Hacker News new | past | comments | ask | show | jobs | submit login
Show HN: WorldBrain – full text, local search of your browsing history (worldbrain.io)
229 points by _mlxl on Aug 12, 2018 | hide | past | favorite | 69 comments



One of the reasons I keep coming back to Firefox is that Firefox seems to already be doing this. At least it searches all parts of the URL and the title, so I'm 99% successful at getting the right URL in the awesomebar when I'm looking for something.

Chrome is just horrible when it comes to this, and I can never get back to previous pages when searching via the addressbar.


On launch this was one of our banner features in Chrome -- full text search over your browsing history. I wrote some of the code. I believe we (Google's Chrome team) implemented (and contributed back) SQLite's full text search support exactly to make this feature.

I don't know why it was removed (after my time) but I do know it had a lot of problems.

1) Most users were unaware of the feature, and it's hard to find a way for them to discover it.

2) The index costs a lot of disk space, which makes #1 worse. There's a whole bunch of tradeoffs around how much storage to use vs how much history to keep. Pages that self-reload can cause the index to bloat endlessly (a real bug we had).
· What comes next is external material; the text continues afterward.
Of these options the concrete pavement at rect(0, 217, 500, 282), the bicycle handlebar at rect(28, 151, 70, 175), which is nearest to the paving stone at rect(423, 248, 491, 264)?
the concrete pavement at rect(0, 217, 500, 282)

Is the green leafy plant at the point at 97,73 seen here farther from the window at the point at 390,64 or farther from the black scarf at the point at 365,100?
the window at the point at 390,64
3) Having an index of pages locally is not sufficient to make a useful search engine. There's a lot of ranking involved in making google search good. Similarly we tried to show "snippets" of page text that showed why we showed the results we did and that itself requires a lot of effort to be useful.
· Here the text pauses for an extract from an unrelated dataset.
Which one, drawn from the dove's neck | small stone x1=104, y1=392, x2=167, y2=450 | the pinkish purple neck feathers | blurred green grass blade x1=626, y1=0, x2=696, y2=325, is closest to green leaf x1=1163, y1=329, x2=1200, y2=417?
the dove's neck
#2 and #3 are just bugs that can be fixed with more effort, but it's hard to motivate that effort in the presence of #1.

(FWIW, the sibling comment about how it was removed to favor google.com searches isn't plausible to me, that's not how the Chrome team works.)


I'd be happy if it did it just for bookmarked pages. I have often wanted that in bookmark search and it could be incorporated directly into the bookmark searchbar.


Me too! In fact, when I think about it, bookmarks are such a nebulous thing. It's like I want them to do two diametrically opposed jobs.

On the one hand, when I have a bookmark for a site like HN, I want it to give me a quick way to get to the front page and see the latest posts so I can read and discuss them. In this case, the bookmark is serving like a pointer to an address whose contents are subject to change.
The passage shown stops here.